To acknowledge the resident as “Thou” is the first step to reciprocity.  Paul Tillich referred to objectifying recipients of care as harming “their self-awareness as person”.  In his discussion of pastoral care, John Patton refers to Paul Tillich’s The Theology of Pastoral Care.  Patton’s view is that it is important to understand each individual’s context before providing pastoral care.  He supports his view with Tillich’s perspective that care is “essentially mutual”.  “In most acts of taking care of someone, it is possible for the person who is the object of care also to become a subject…(Caregiving) is one act, not two, and only because it is one act is real care possible.”  (Patton, 100) 
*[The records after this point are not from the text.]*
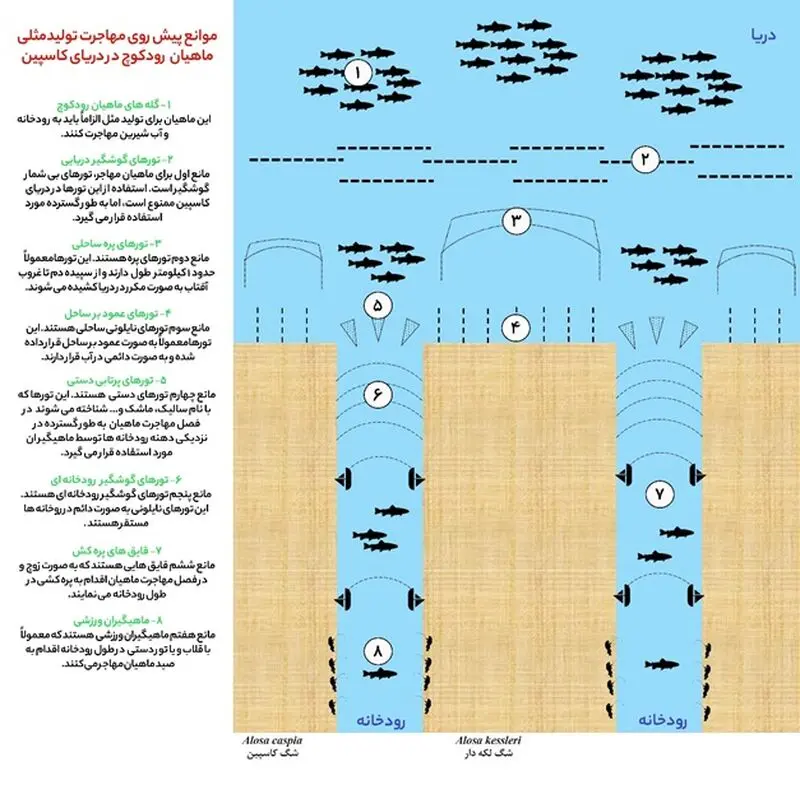 موانع پیش روی مهاجرت تولید مثل ماهیان رودکوچ در دریای خزر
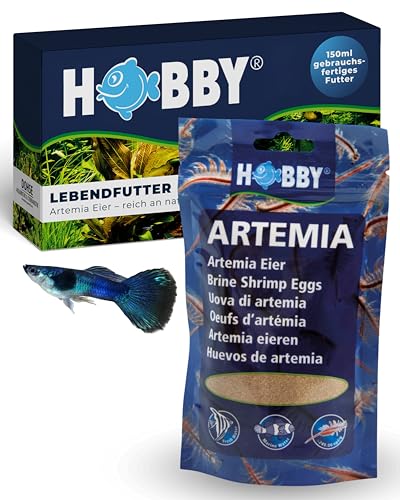 HOBBY Aquaristik Artemia Eier I 150 ml I Lebendfutter für Aquarienfische I Artemien-Eier zur Zucht von Artemia-Nauplien I Frische Artemia für nährstoffreiche und gesunde Ernährung I Artemiazysten von Hobby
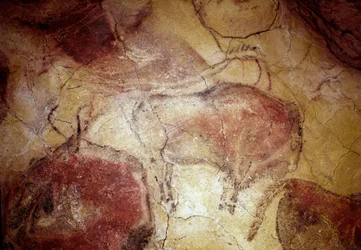 Prehistoria: „” żubr w spoczynku”” malowidło naskalne górnego paleolitu (magdalen) (między 16500 a 14000 lat temu) Jaskinia żubrów z epoki kamienia, Altamira, Santander, Hiszpania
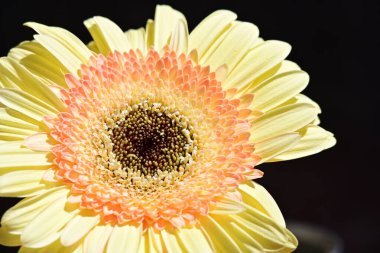 Siyah arkaplanda sarı gerbera çiçeği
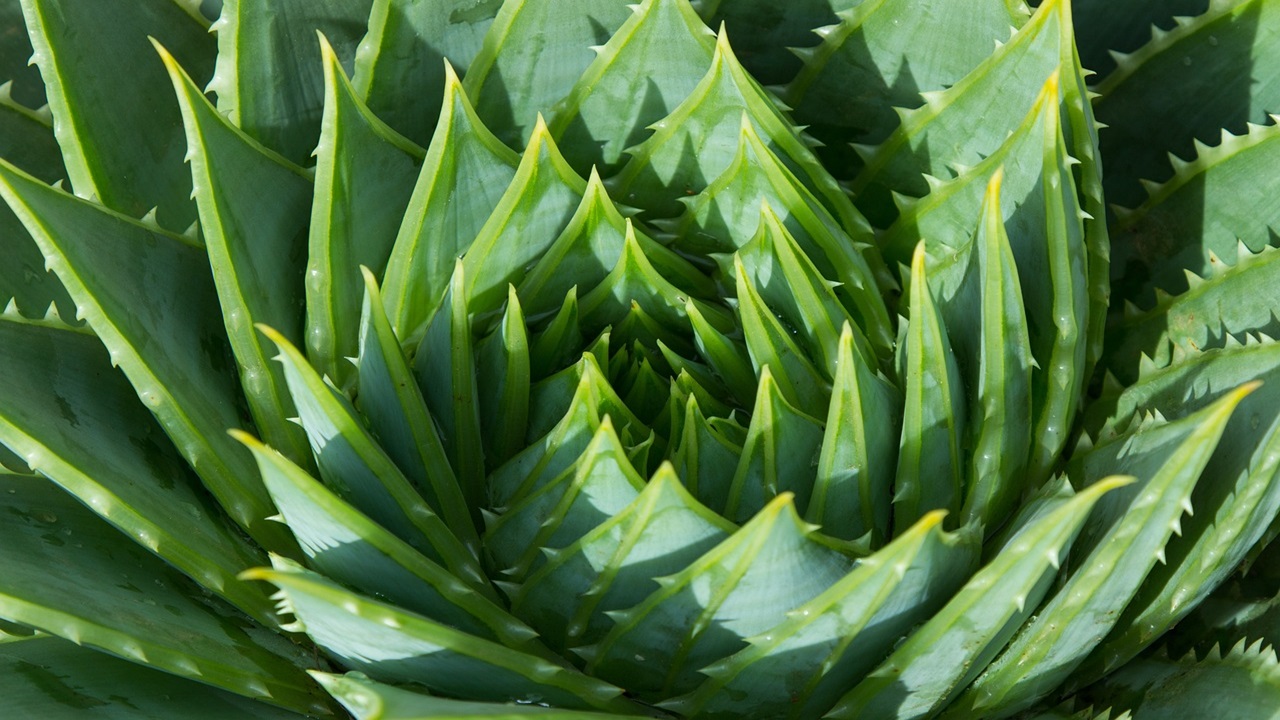 aloe errori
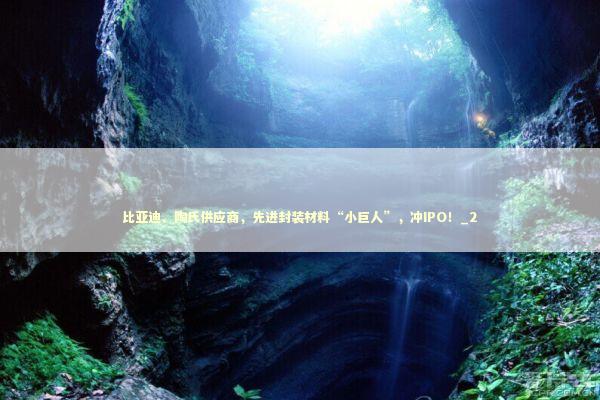 比亚迪、陶氏供应商，先进封装材料“小巨人”，冲IPO！_2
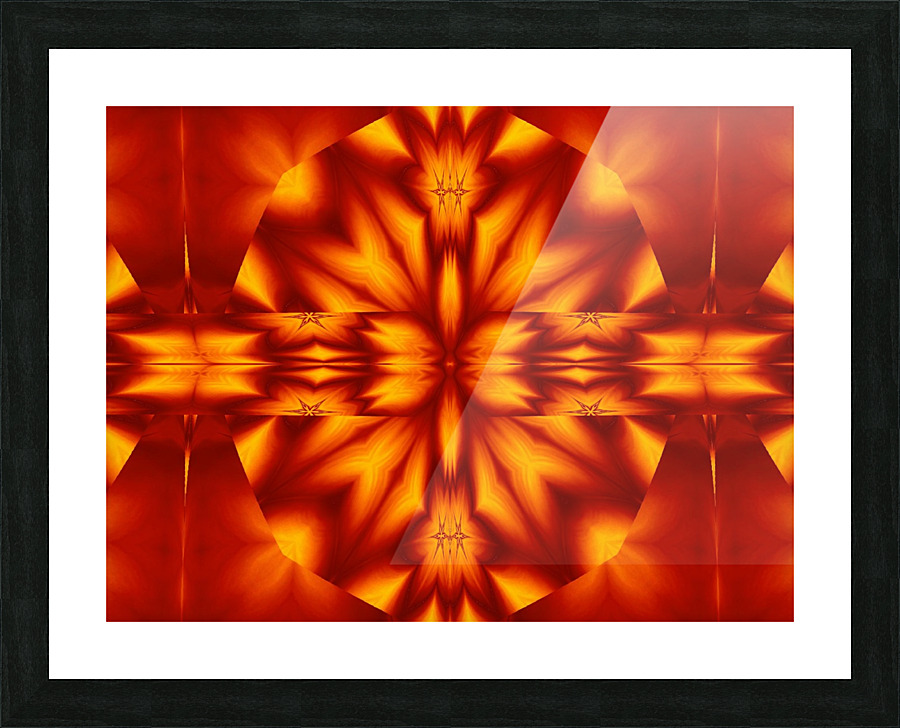 Fire Flowers 223 Picture Frame print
What does this analysis mean for Mary?  (Please refer to Reflections.)  Is it possible that Mary came to know the God which is hidden from those of us who are caught up in the many aspects of our finite lives?  Could the loneliness and emptiness of her existence as she was restrained in her room have had some meaning?  Did her lack of social relationships interfere with her knowing God?  Her life was not entirely devoid of interaction, and I do remember one experience of mutuality which I had with Mary, during that lonely time.  Sweet, cheerful Mary had become very withdrawn, and was essentially non-verbal, but I would often sit by her side and talk to her as I worked.  She rarely responded, but she would usually look at me or met my eyes.  I sat down on her bed in the midst of my chores for that afternoon, to prepare her toiletries and towels for her evening care.  I was blue, for some reason which has escaped my memory, and I was not very talkative.  Mary reached out, touched my face, and softly sang, “Toot-de-toot-de-toot-de-do!”.  That is the last time I remember her verbalizing anything, and it was in the context of providing care for me.

What about Joan?  (Please refer to Reflections”.)  She experienced some I-Thou relations, with the staff who recognized her personal needs, and in her positive interactions with the Director of Nurses, who frequently conversed with Joan with a sincere interest in her journey and her experiences.   The Director of Nurses learned from Joan, and grew from her experience of knowing her.  This relationship was truly reciprocal, and Joan did provide care for the Director of Nurses.  Joan also experienced many dehumanizing, distancing and loneliness-producing interactions with overworked an hurried staff members.  Is it possible that God, who was present in both circumstances, reached and comforted her in her final days?

I have presented the landscape of nursing home care as vastly improved, but not perfect.  I deeply desire a “more perfect” system, and I become frustrated with the situation which exists.  I wish for an environment which provides more opportunity for mutuality and reciprocity, where God can be more perfectly known in relationality.  Is it possible that God’s power and perfection still reaches these residents who are in an imperfect system?  Could it be that the “windows” of the experiences I have described are enough for God to “shine through”?  I view these nursing home residents through the assumptions of my experience.  The varieties of experiences of God, in so many varied contexts, is so much greater than my own that I must not restrict God’s power.

Can this society learn from the lessons of mutuality and I-Thou relationships?  Can we as a group learn to see the elderly and institutionalized members of society as individuals with richly varied experiences and circumstances?  Can we learn that these people may have experiences in their lives today that we can only dream of someday attaining?  Would this influence the debate over who in our society is valued, who is worth our resources, and who should control the decisions regarding the future of our elders?

It may seem farfetched, but the lessons learned from theology can be applied to “real life”.  Every group, whether it is a group of nursing home residents, nursing home staff members, elderly individuals, policy makers, or the general population, every group is made up of individuals.  One individual caregiver can make all of the difference in the life of a nursing home resident;  that caregiver can represent God in their reciprocal relationship.  One individual in society can be the voice for the unrecognized population;  that individual can remind the others of where we can find God.